`Classical dance heals'
Alarmel Valli, who was in the city last week, talks to K. PRADEEP about the grammar of dance and some of the controversies surrounding our classical dances.
ALARMEL VALLI walked to the hotel lobby and introduced herself. The girl at the reception counter, all set to receive the great dancer, bouquet and all, was stunned. Not surprising, for the lady who stood before did not carry any of the trappings of a dancer. And when she talks on dance she simply takes off. Then for hours she soars delightfully into a world that she holds close to her heart. Valli dances, inspired, with all her moral convictions, new compositions, for her dance is life itself.
Bharatanatyam and other Indian classical dances face a break-or-make situation. Valli has seen through a `conspiracy' and now stands up in defence.

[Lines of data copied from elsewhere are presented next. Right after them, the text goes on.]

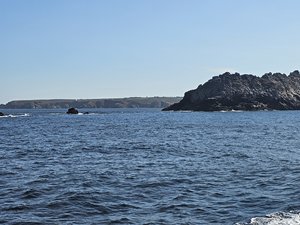 260728breizh477.jpg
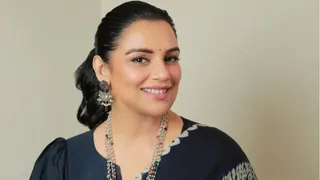 AMMA President Shwetha Menon Urges Former Members To Rejoin The Organisation: 'I Wish For Their Return...'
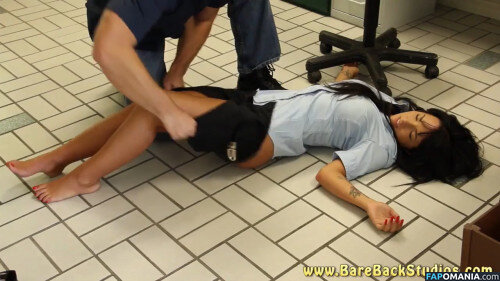 Christy Mack / ChristyMack Nackt OnlyFans  Geleaktes Foto #792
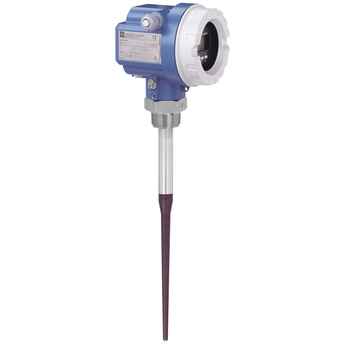 Micropilot FMR231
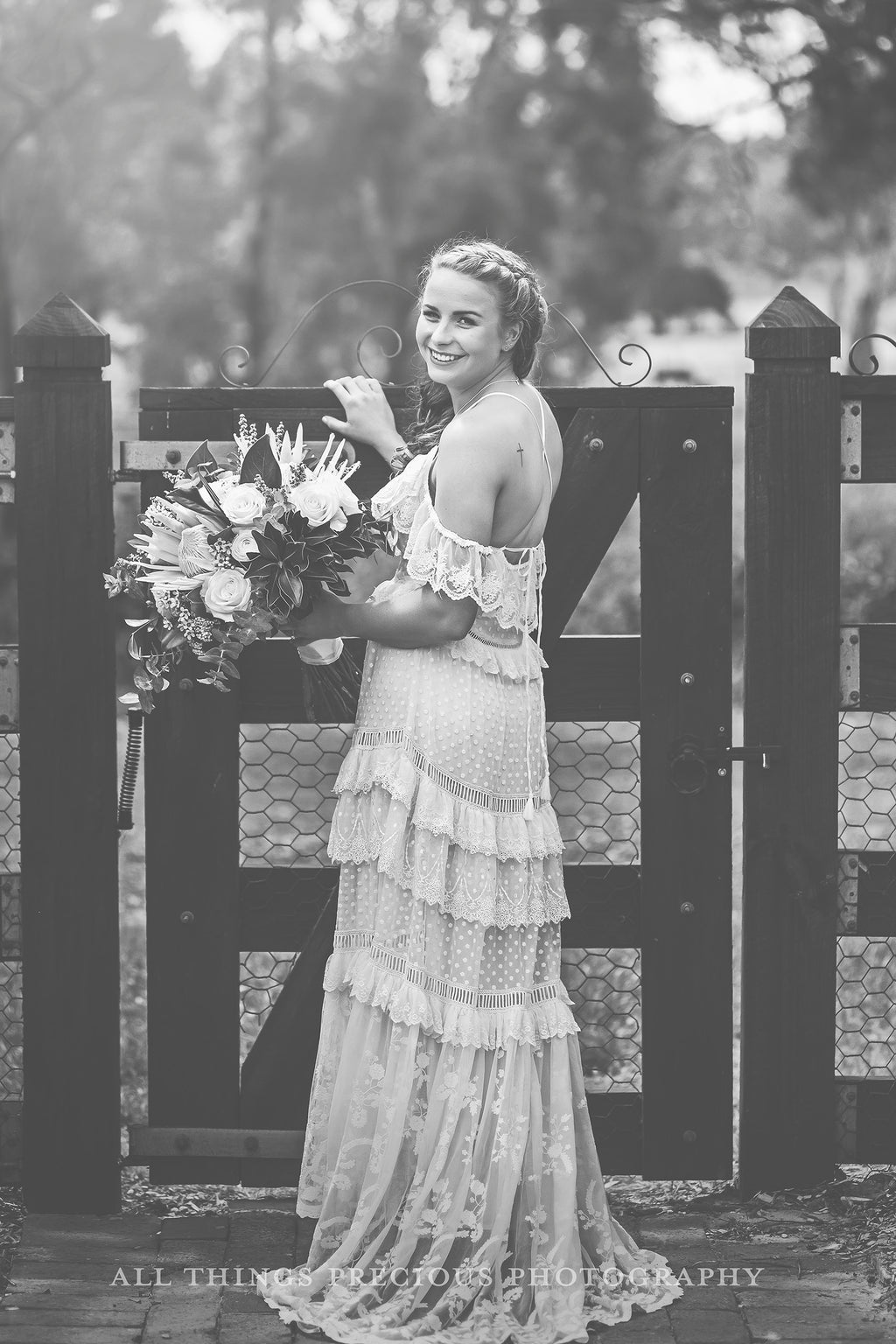 Photoshop Actions for Photography Edits. PS atn files are compatible with all versions of PS CS6. Photoshop Actions for professional photographers, photo edits and Instagram influencers. Warm, Rich, Light, Matte. For Wedding, Newborn, Studio Photography. By ATP Textures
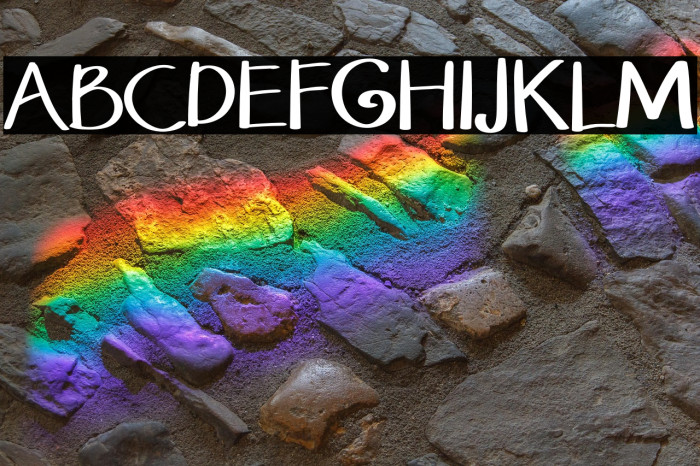 NIGHT LOVE Example 3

A lot has been happening in Indian classical dance, at least backstage. It is an accepted fact that most of the dancers look to the West for patronage and survival. But of late there has been a movement aimed at subverting the process of growth of Indian classical dance, especially bharatanatyam. A movement that is bent on portraying this ancient dance form as `dead.' "I'm terribly disturbed. I have wonderful audiences outside India who love my dance. But there is today a nexus between so-called `experts' on India in the West and our people here. They together have created a kind of creative imperialism, which aims at making us feel inferior about our own art. They have succeeded to an extent in propagating that Indian classical dance has to turn contemporary," Valli gushed.
Strangely there is a lot of talk about contemporary dance these days. There is also a deliberate attempt to turn it into an exclusive preserve, distinct from the classical. Valli lashed out at this attempt: "My bharatanatyam is contemporary. I cannot subscribe to this word `contemporary' that is being bandied around. Maybe the better word to describe that different form of dance should be `modern.' Classical dance performed by a dynamic Indian dancer is also contemporary. My dance is traditional. This cannot stay alive if it does not grow. A dancer should infuse contemporary sensibilities into this traditional form."
Modern dancing is all about removing the familiar signposts, the well-known physical contours, `abhinaya', `mudras' and not even the sounds of the soil. "I'm not against modern dancing. I love watching some of those modern dancers. But I firmly believe that it should grow as a parallel stream. But here we are being forced to put mud into our own mouths. There also seems to be a deliberate attempt to impose modern Western aesthetics on to our classical dance. Some of the Indian dancers have been able to break away from this sinister web. But the young dancers are now being terrorised to condition themselves to suit what they want," said Valli.
The oft-repeated complaint that the votaries of modern dance have against Indian classical dance is that there is nothing happy or joyful in our dance. Valli counters this forcefully. "How can they ask us this when they do not know anything about our art, culture and mindset? The `experts' are to a certain extent responsible for this. I can turn around and ask them why is there no `ragas', or `mudras' in your dance. I may be inspired by the modern dance but I will not take elements from this into my dance.
"They cannot dictate terms. Why should I march to a Western tune or why should they march to an Indian tune. Our philosophy does not wallow in sorrow and angst, but teaches us to rise above all this. And if dancers feel a compulsion to adopt to this new trend it should come within themselves, not imposed from outside."
Indian culture has a distinct identity enlivened through temple traditions. The dance forms have also evolved and developed through these traditions. Bhakti is an integral part of these dance forms. But today there is a crude attempt to portray oneself as `secular' even in performing arts. "There are many who are ashamed to talk about bhakti. I'm not a narrow-minded religious person. I believe in a broad spirituality. For bharatanatyam is an integration of the physical, emotional, intellectual and spiritual. All the trouble in this world has not been brought about by religion, rather by its misuse. Bhakti can be sheer joy, which a dancer and the audience experiences through a performance. I think we must be liberal. There is no need to be ashamed of our art. My advice to the young dancers is not to be misled by all this propaganda. One should stand up and speak out against these tendencies. I know that I'll get a lot of flak for what I'm saying... ." Valli said with a smile.
A brilliant exponent of the Pandanallur tradition, Valli is not one to be strait-jacketed into remaining static. She has, through reading, observation and power to infuse all her experiences into her dance, prevented her dance from turning into sticks in the mud. "I still follow this tradition. If people do not agree the reply would be that had I simply copied what my great gurus taught me I would have turned simple into a parrot. The purists reduce dance to lines and angles. I agree that the grammar of dance is the base. But then that alone is not enough. You must be able to master and internalise the grammar, you have to be creative for dance to evolve," Valli explained.
Dance and beauty is supposed to go hand in hand. There are many who believe that a dancer must be beautiful. "In that case I would not have been here," Valli quickly retorted and added, "Form is definitely important. The physical features, essential for `abhinaya', are indispensable. There is also a need to use costumes, ornaments aesthetically."
For those who believe that classical dance is no longer relevant, Valli had this to say: "Classical dance heals. When we are tearing ourselves apart it helps to bring us together. It uplifts and heals the spirit."